Detailed description of the invention
[0013] The invention will be illustrated through the following embodiments.
[0014] Figures 1a-d illustrate schematically the execution of rock reinforcement in a tunnel
or mine with a first embodiment of the system according to the invention. According
to Figure 1a, the rock reinforcement starts with the drilling of an axially extended
drill-hole 1 into a rock structure 2 with a rock drill 3, the drilling is carried
out into all surfaces that require reinforcement, in particular into the roof surfaces
of a tunnel or mine. Figure 1b shows the drilled hole 1, the depth of which is 3-7
metres. Figure 1c shows an injection nozzle 4, consisting of a tube or flexible pipe,
introduced into the bottom of the drill-hole 1. A portion of hardening grout 6 is
injected by the injection nozzle 4, which is preferably withdrawn from the drill-hole
1 while injection is taking place in order to obtain an advantageous distribution
of the grout 6. The term "hardening grout" is here used to denote sealing compound,
concrete, cement or similar hardening material. Figure 1d shows the completed grouting
operation. Figure 1d shows also a reinforcement member 7, an axially extended body,
such as, for example, a kiruna bolt, consisting of a reinforcement bar with an end
demonstrating a slot, introduced into the drill-hole that has been filled by grout
6 such that the bottom end 8 of the reinforcement member is in the neighbourhood of
or in direct contact with the bottom 9 of the drill-hole. The reinforcement member
7 may consist also of a twisted cable bolt or of some other type of rock bolt (not
shown in the drawing). The reinforcement member is manufactured from iron material,
preferably steel.
It is preferable that the reinforcement member 7 have a length that is greater than
the depth of the drill-hole. The reinforcement member 7 extends out of the drill-hole
1 at the surface 10 of the rock structure.

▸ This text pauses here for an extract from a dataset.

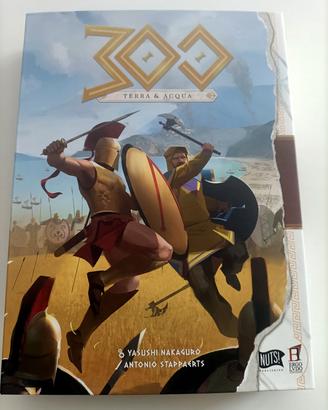 gioco da tavolo 300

Figure 1d shows an anchor arrangement 12. The anchor arrangement 12 is brought into
contact with the surface end 11 of the reinforcement member. The anchor arrangement
has been adapted such that it anchors the reinforcement member, in a manner familiar
to one skilled in the arts. The reinforcement member 7 is in this way anchored in
a secure manner after the rock reinforcement has been carried out before the grout
6 has become fully hardened.
The anchor arrangement may comprise also an opening for the penetration of a channel
that is separated from the reinforcement member.
[0015] It is furthermore shown in Figure 1d and Figure 2 that the reinforcement member 7
is provided with a separate channel 15. It is intended that the channel 15 be introduced
into a pressurised medium in a drill-hole that has been filled or partially filled
by hardening grout. The channel 15 is constituted by a thin, hollow tube 19 that is
open in its longitudinal direction, made from, for example, semi-rigid metal, semi-rigid
flexible plastic, or semi-rigid flexible rubber. The semi-rigid property of the tube
relates to its stability in the transverse direction. The tube 19 has a wall 20. The
thickness of the tube wall 20 is selected such that any externally applied load from
hardening grout 6 and similar does not influence the function of the channel.
The tube 19 and the channel 15 are provided with at least one channel opening 21 in
at least one tube end. It is preferable that the tube 19 and the channel 15 are provided
with at least one channel opening 21 at each tube end. The channel opening 21 is intended
for insertion into a medium in the drill-hole 1.
The diameter of the tube 19 is considerably smaller than the diameter of the reinforcement
member 7. The tube 19 and the channel 15 have essentially the same length, or they
are longer than the reinforcement member 7. The length of the tube 19 thus exceeds
the depth of the drill-hole.
The channel 15 has an inner end 23 that is located close to the bottom end 8 of the
reinforcement member and close to the bottom 9 of the drill-hole. The tube 19 and
the channel 15 have a contact end 22 that protrudes out from the drill-hole 1.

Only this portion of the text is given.